## Material for this exercise
━━━
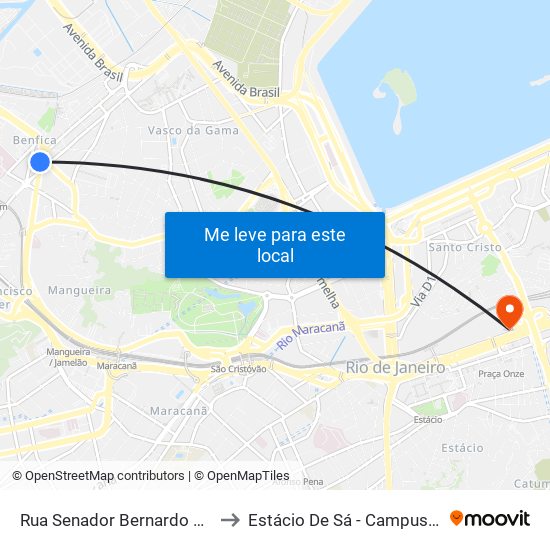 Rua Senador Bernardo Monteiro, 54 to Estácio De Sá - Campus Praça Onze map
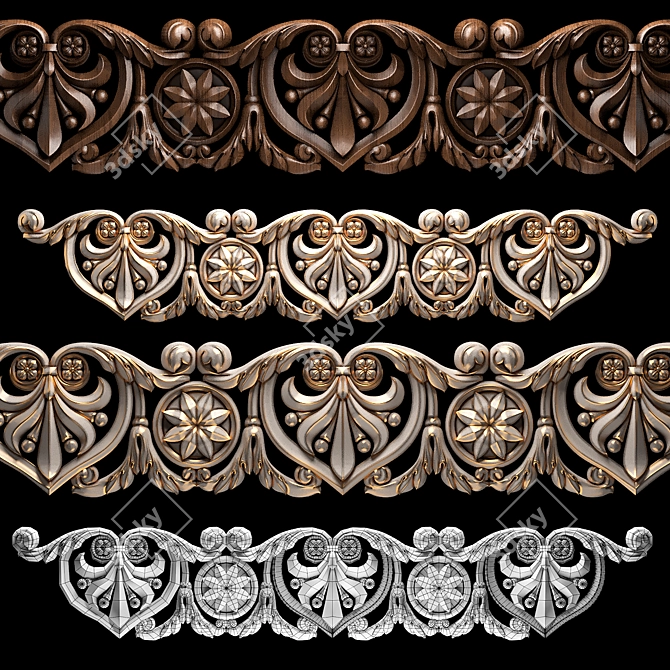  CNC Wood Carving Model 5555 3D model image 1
━━━
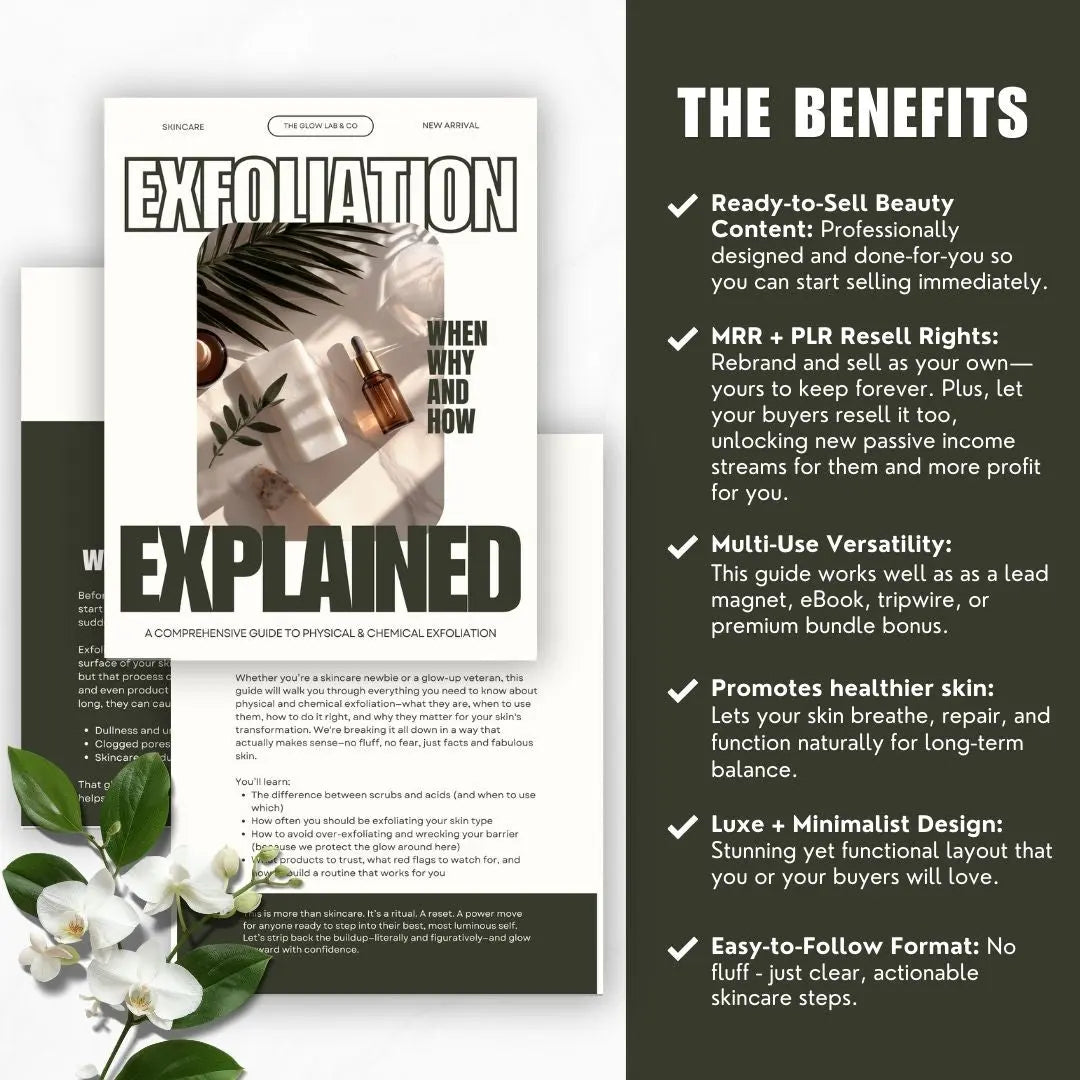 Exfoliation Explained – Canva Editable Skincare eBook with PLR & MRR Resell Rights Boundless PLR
━━━
## Exercise directions
Pictures aside, return exactly the lines from the data above, starting at the line that has "Rua Senador Bernardo" and ending at the line that has "CNC Wood Carving", both included.

## Output
 Rua Senador Bernardo Monteiro, 54 to Estácio De Sá - Campus Praça Onze map
  CNC Wood Carving Model 5555 3D model image 1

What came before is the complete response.